Edie Goldenberg, a political science professor and member of two University of Michigan athletic advisory committees, first heard about the expansion on the radio (not unlike the out-of-nowhere news she heard after the Big Ten added the University of Nebraska in 2010. Goldenberg doesn’t know what the academic implications will be – for students or the professoriate – but she would have liked an opportunity to hash them out.

“It shouldn’t be just a matter of money as people think about these issues,” Goldenberg said. “These decisions just seem to be made by the presidents in consultation with the head of the Big Ten and not in consultation with anybody on the academic side on campus.”

Meanwhile, a group of faculty members at the University of Massachusetts at Amherst want out of the Mid-American Conference – but they’re not looking to join the Big Ten. They want out of big-time football.

Amherst’s previous chancellor moved the university to the Football Bowl Subdivision about a year ago without any formal discussion with faculty. Now, after its first season playing FBS football, the program’s revenues haven’t risen and institutional subsidies haven’t decreased (they stand at 83 percent of the athletic budget) – contrary to initial promises and projections.

Further, Amherst’s plan to draw more alumni by playing games at Gillette Stadium, in Foxborough, more than 90 miles from campus, not only hasn’t panned out in that sense, it’s also created safety concerns for students (if they even bother) driving to a football game, drinking all afternoon, then driving home. (The university does offer free buses.)

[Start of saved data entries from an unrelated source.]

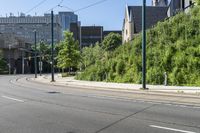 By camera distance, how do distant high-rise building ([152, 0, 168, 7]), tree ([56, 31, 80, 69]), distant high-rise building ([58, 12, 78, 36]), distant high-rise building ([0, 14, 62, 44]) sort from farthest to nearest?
distant high-rise building ([58, 12, 78, 36]), distant high-rise building ([0, 14, 62, 44]), distant high-rise building ([152, 0, 168, 7]), tree ([56, 31, 80, 69])

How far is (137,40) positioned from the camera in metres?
41.2

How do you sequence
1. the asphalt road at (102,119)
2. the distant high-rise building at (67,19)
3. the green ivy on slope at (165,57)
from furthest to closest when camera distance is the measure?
the distant high-rise building at (67,19) → the green ivy on slope at (165,57) → the asphalt road at (102,119)

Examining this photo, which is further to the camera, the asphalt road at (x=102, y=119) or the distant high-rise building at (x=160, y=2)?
the distant high-rise building at (x=160, y=2)

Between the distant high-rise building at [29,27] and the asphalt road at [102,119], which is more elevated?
the distant high-rise building at [29,27]

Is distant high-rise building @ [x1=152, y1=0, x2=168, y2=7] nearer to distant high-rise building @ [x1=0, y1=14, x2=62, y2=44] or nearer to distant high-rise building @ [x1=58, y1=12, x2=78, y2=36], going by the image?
distant high-rise building @ [x1=0, y1=14, x2=62, y2=44]

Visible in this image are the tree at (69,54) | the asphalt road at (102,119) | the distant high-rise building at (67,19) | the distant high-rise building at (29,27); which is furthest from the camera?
the distant high-rise building at (67,19)

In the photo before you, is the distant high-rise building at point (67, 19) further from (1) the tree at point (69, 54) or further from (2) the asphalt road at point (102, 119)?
(2) the asphalt road at point (102, 119)

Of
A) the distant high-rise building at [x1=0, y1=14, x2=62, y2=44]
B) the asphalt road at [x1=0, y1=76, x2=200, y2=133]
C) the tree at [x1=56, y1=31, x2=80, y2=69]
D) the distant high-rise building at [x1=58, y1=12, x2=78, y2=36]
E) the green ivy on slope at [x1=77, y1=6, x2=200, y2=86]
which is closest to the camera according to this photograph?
the asphalt road at [x1=0, y1=76, x2=200, y2=133]

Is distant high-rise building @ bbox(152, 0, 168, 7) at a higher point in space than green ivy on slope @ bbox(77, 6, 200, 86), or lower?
higher

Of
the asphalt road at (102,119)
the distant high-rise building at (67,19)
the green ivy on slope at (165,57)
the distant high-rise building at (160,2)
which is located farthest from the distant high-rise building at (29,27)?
the asphalt road at (102,119)

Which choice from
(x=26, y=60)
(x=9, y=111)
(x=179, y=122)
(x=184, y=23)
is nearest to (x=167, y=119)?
(x=179, y=122)

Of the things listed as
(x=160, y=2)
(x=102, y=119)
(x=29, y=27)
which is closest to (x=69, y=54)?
(x=160, y=2)

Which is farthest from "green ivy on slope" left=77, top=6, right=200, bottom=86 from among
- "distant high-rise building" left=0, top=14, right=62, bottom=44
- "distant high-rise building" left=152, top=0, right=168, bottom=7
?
"distant high-rise building" left=0, top=14, right=62, bottom=44

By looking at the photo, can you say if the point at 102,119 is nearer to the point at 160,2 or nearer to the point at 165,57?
the point at 165,57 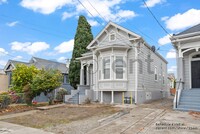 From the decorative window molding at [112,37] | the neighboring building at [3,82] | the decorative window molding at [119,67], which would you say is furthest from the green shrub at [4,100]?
the neighboring building at [3,82]

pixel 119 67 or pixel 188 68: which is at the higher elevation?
pixel 119 67

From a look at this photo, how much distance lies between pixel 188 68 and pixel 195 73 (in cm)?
60

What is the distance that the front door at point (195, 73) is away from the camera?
14.5 metres

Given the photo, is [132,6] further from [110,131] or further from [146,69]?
[146,69]

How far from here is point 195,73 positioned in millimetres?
14570

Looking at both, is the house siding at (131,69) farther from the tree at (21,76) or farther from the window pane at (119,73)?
the tree at (21,76)

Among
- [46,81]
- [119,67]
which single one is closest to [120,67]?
[119,67]

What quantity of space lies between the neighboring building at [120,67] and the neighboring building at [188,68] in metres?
3.47

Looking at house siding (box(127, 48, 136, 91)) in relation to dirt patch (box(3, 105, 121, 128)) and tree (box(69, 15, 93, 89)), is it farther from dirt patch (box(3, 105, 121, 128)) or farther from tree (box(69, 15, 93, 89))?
tree (box(69, 15, 93, 89))

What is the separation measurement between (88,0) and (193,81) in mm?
9747

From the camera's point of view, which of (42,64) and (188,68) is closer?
(188,68)

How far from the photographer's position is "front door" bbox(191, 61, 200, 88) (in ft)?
47.5

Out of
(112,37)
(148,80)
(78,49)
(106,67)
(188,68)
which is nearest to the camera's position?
(188,68)

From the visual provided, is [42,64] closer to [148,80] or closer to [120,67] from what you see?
[120,67] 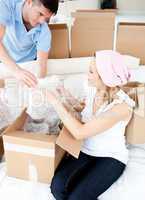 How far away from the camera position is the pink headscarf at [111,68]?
1.18 metres

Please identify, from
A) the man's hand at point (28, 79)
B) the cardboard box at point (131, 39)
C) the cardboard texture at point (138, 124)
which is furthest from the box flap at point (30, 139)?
the cardboard box at point (131, 39)

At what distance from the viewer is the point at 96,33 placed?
1.92 meters

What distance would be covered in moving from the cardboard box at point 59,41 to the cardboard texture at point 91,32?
5 centimetres

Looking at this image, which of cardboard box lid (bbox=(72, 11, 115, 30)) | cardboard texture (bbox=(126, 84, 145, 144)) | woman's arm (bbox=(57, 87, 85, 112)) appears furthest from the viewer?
cardboard box lid (bbox=(72, 11, 115, 30))

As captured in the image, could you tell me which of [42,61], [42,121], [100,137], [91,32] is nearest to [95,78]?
[100,137]

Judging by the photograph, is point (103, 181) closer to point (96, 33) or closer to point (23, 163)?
point (23, 163)

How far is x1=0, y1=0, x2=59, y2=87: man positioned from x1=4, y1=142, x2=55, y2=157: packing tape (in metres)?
0.32

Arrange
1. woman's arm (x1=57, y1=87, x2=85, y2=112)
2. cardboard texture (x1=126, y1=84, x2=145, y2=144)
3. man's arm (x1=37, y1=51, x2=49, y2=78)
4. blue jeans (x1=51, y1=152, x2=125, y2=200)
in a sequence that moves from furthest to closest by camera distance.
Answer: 1. man's arm (x1=37, y1=51, x2=49, y2=78)
2. woman's arm (x1=57, y1=87, x2=85, y2=112)
3. cardboard texture (x1=126, y1=84, x2=145, y2=144)
4. blue jeans (x1=51, y1=152, x2=125, y2=200)

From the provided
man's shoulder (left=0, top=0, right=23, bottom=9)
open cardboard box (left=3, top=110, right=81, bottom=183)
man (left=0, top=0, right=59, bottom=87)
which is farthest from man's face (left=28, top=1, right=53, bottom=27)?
open cardboard box (left=3, top=110, right=81, bottom=183)

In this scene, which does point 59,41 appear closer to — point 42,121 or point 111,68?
point 42,121

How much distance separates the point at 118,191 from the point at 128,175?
0.37 ft

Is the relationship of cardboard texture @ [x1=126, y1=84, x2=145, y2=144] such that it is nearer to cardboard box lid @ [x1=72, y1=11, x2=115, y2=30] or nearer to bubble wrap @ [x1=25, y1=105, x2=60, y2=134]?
bubble wrap @ [x1=25, y1=105, x2=60, y2=134]

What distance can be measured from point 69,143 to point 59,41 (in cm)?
95

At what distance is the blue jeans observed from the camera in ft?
3.69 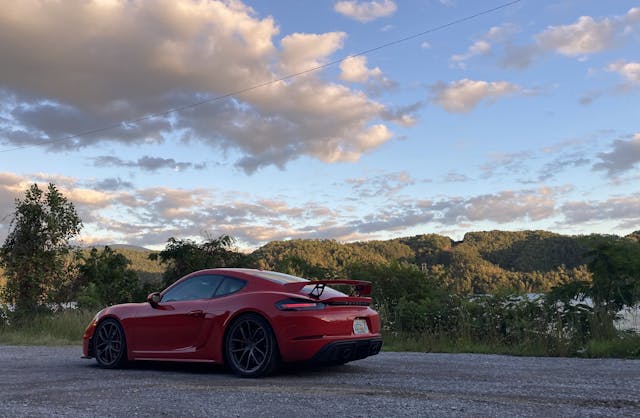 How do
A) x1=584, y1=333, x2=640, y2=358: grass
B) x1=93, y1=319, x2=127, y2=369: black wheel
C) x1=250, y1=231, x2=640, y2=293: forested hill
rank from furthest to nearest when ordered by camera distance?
x1=250, y1=231, x2=640, y2=293: forested hill, x1=584, y1=333, x2=640, y2=358: grass, x1=93, y1=319, x2=127, y2=369: black wheel

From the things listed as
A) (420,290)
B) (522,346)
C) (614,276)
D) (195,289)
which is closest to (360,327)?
(195,289)

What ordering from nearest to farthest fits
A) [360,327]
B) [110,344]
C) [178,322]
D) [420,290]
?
1. [360,327]
2. [178,322]
3. [110,344]
4. [420,290]

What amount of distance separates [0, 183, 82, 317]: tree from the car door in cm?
1124

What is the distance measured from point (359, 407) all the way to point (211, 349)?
3005 millimetres

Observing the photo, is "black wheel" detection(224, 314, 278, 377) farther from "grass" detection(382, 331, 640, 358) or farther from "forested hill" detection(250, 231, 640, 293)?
"forested hill" detection(250, 231, 640, 293)

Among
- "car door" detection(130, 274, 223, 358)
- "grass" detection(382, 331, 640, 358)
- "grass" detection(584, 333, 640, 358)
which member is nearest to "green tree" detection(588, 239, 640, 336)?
"grass" detection(584, 333, 640, 358)

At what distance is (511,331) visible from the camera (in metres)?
11.0

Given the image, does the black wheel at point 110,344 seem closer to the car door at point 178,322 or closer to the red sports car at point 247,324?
the red sports car at point 247,324

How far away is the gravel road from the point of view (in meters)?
5.09

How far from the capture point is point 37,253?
1866cm

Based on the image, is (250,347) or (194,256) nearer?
(250,347)

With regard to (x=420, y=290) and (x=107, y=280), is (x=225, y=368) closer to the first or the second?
(x=420, y=290)

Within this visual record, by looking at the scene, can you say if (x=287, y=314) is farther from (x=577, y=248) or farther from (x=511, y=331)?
(x=577, y=248)

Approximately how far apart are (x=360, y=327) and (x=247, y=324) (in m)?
1.36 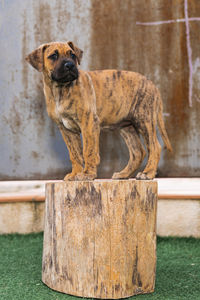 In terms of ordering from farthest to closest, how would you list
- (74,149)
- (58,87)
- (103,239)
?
1. (74,149)
2. (58,87)
3. (103,239)

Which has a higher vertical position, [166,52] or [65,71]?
[166,52]

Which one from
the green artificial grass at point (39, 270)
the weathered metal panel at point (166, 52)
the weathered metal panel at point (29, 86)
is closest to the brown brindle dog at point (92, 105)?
the green artificial grass at point (39, 270)

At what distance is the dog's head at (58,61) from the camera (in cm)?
188

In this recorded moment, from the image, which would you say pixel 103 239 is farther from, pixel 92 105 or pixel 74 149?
pixel 92 105

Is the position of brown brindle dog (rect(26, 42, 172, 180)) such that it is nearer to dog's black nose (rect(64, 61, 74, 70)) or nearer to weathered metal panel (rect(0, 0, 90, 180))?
dog's black nose (rect(64, 61, 74, 70))

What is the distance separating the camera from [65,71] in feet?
6.16

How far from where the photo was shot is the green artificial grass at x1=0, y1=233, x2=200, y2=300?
5.94ft

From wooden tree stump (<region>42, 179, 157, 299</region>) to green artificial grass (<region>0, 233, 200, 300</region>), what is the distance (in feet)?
0.29

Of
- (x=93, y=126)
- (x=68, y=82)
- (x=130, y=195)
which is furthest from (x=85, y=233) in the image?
(x=68, y=82)

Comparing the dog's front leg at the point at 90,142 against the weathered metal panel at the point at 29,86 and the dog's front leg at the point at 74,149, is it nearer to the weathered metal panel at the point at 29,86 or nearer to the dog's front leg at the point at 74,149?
the dog's front leg at the point at 74,149

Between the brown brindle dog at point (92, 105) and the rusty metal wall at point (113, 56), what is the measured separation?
29.7 inches

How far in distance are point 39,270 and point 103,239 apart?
0.65m

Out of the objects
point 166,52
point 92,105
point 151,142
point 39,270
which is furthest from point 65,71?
point 166,52

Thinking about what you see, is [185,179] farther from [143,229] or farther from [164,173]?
[143,229] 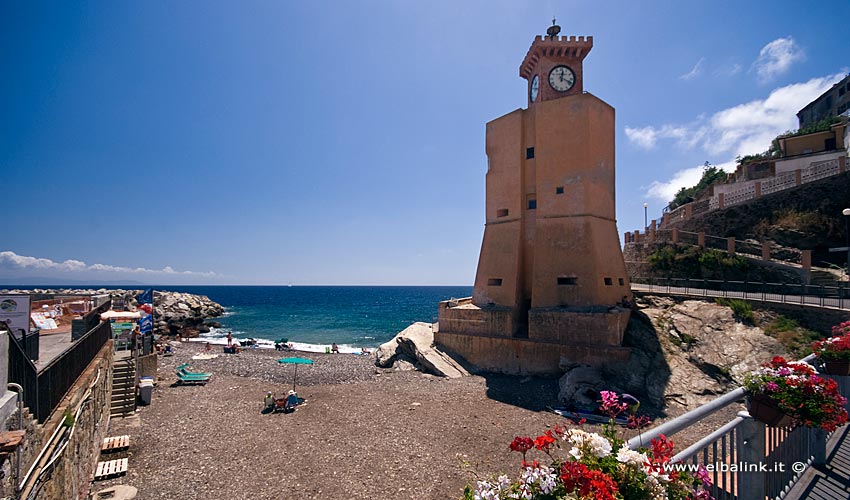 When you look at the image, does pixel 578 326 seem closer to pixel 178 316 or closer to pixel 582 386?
pixel 582 386

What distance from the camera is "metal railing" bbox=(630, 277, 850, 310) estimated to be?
14742 mm

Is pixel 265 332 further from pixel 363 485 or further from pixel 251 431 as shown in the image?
pixel 363 485

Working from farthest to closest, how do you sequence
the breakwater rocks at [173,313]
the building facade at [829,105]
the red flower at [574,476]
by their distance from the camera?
the building facade at [829,105] → the breakwater rocks at [173,313] → the red flower at [574,476]

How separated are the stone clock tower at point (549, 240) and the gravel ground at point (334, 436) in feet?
6.75

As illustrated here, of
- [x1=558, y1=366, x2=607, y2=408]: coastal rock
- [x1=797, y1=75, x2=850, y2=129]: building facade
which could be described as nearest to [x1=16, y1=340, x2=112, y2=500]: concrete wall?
[x1=558, y1=366, x2=607, y2=408]: coastal rock

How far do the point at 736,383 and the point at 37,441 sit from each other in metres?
18.8

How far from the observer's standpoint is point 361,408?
13953mm

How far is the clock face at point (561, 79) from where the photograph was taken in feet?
64.1

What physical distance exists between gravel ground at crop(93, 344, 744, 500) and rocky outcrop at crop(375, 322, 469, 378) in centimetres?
99

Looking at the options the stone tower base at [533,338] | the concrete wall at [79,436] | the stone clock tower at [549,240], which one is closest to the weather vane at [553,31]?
the stone clock tower at [549,240]

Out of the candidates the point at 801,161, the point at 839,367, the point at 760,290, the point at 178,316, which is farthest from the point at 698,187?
the point at 178,316

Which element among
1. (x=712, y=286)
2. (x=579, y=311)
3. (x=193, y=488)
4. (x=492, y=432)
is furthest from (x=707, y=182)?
(x=193, y=488)

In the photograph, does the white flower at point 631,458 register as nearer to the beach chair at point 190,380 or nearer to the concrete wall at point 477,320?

Max Page, co-chair of the UMass Faculty Senate’s ad hoc committee on FBS football, presented a report detailing those numbers at the senate meeting Tuesday night. The rules committee declined to put to a vote a resolution regarding whether Amherst should pull out of the FBS.

Page is more concerned about the direction in which the move has taken Amherst than the way in which it was taken, but had the idea been taken to the senate and others first, “there may have been very strong pushback,” he said, noting that there’s still “very strong sentiment” around campus against the move. While the focus of Page’s committee is the cost of playing football, others demand to know why administrators want to make a sport increasingly shown to cause brain damage central to the university’s image.

LoMonte, of the Student Press Law Center, says realignment shrouded in secrecy is “indicative of the level to which the financial stakes of athletics have come to predominate over everything else” in higher education.

“For some reason, institutions have convinced themselves that the money to be made in sports is worth cutting some corners,” LoMonte said. “The normal rules that govern public business at college campuses seem more and more to be suspended when it comes to big-money sports.”